When I was at ROTC advance camp in '76 on the LAW range, the instructor talked about the rocket firing when the tube was extended and showed us how to extend it so that it wasn't pointing at anything important. Apparently it was a well-known problem at that time.
 
#10 ·
Circa, 1977/78 I was working as a laborer for a company that did light asphalt repairs and seal coating of parking lots at large factories.
This work was usually done over a long week end.
One job took us to a factory just outside of Boston, that place must have had something to do with the manufacturing of the M72.
On the backside of the lot were several large roll off dumpsters full of empty launchers, there must have been thousands of them.
Given the proximity to a major urban area, I doubt if they were loading them with the rockets but could have been making the tubes and shipping them out to be loaded elsewhere.
If those bins were manufacturing defects then, apparently, building the things had its issues.
The shop was shut up tight so I never got to ask what it was all about.
Curiously, in my entire time in the army, I never handled one of these things, I knew what they were and had heard the complaints of other people but, apparently, I missed the entire experience.
From what I'm reading here, I did not miss much!
 
#11 ·
All that I ever fired was the sub-caliber, in training.
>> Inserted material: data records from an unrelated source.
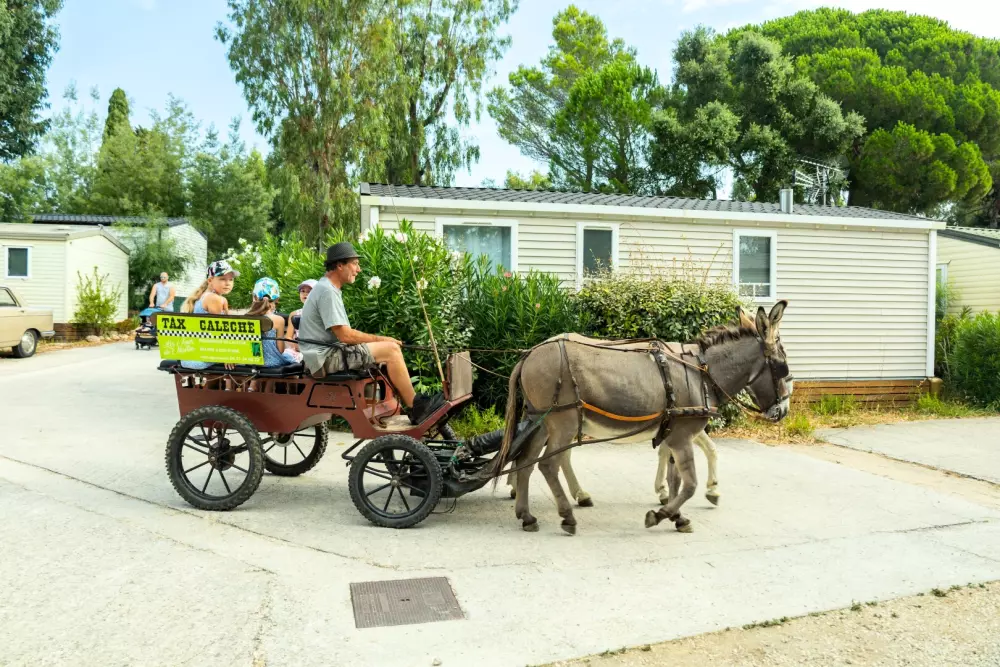 Camping maeva Escapades Parc Valrose 4 Sterren★★★★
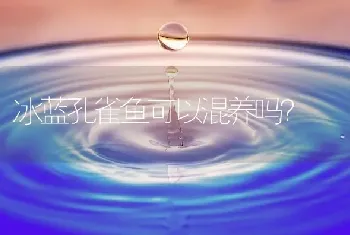 蝴蝶鱼的养殖方法？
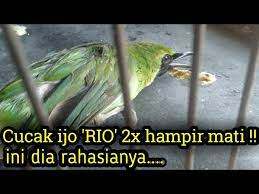 Banyak sekali penghobi burung yang berniat menangkarkan cucak ijo atau cucak hijau. Cucak Ijo Rio 2 X Hampir Mati Begini Cara Penanganannya Youtube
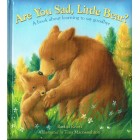 Are You Sad, Little Bear? by Rachel Rivett a book about learning to say goodbye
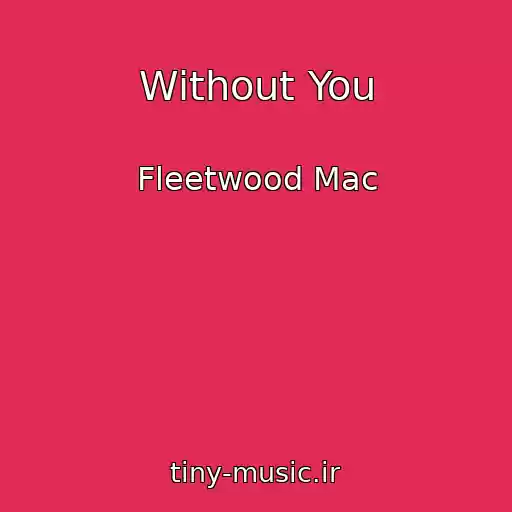 کاور آهنگ Without You از Fleetwood Mac
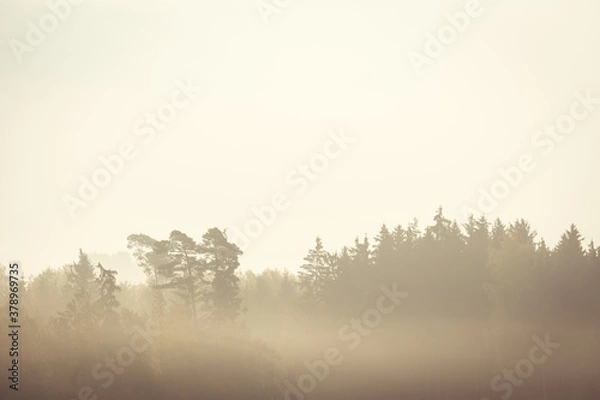 Obraz Abstrakter Morgennebel im Herbst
We had Dragons and TOWs. We also had M202s, but I don't know anybody that ever fired one (or brave enough to try). The biggest problem with any of these systems (and even though the new stuff is much better than the M47), is that people seem to think that one click of the trigger, and a grunt takes out a main battle tank. Nobody thinks about what happens when it goes "p-twing", instead of "k-boom". While you are watching this thing cartwheeling off of the armor, you should be thinking about that turret rotating a 125mm gun toward that big ole dust cloud that you just created from the backblast. These are all very valuable weapons - when properly used - but if you've ever been on the ground with tanks, you'll have a completely different, and skeptical, view of them.
 
#12 ·
Looking at various diagrams I have found online, it appears to me that this design was bound to be problematical right from the get go.
I always assumed that these were electrically fired, with a piezoelectric initiator, I now know that they are percussion fired with a complex mechanical firing pin.
This explains why the tube needs to be closed and reopened to recock the mechanism.
Given that primers (I.E., percussion caps) are pretty reliable these days and have been for a long time, the problem with misfires on these has to do with the mechanism.
It's no wonder given what the design has to do to get it to hit the primer.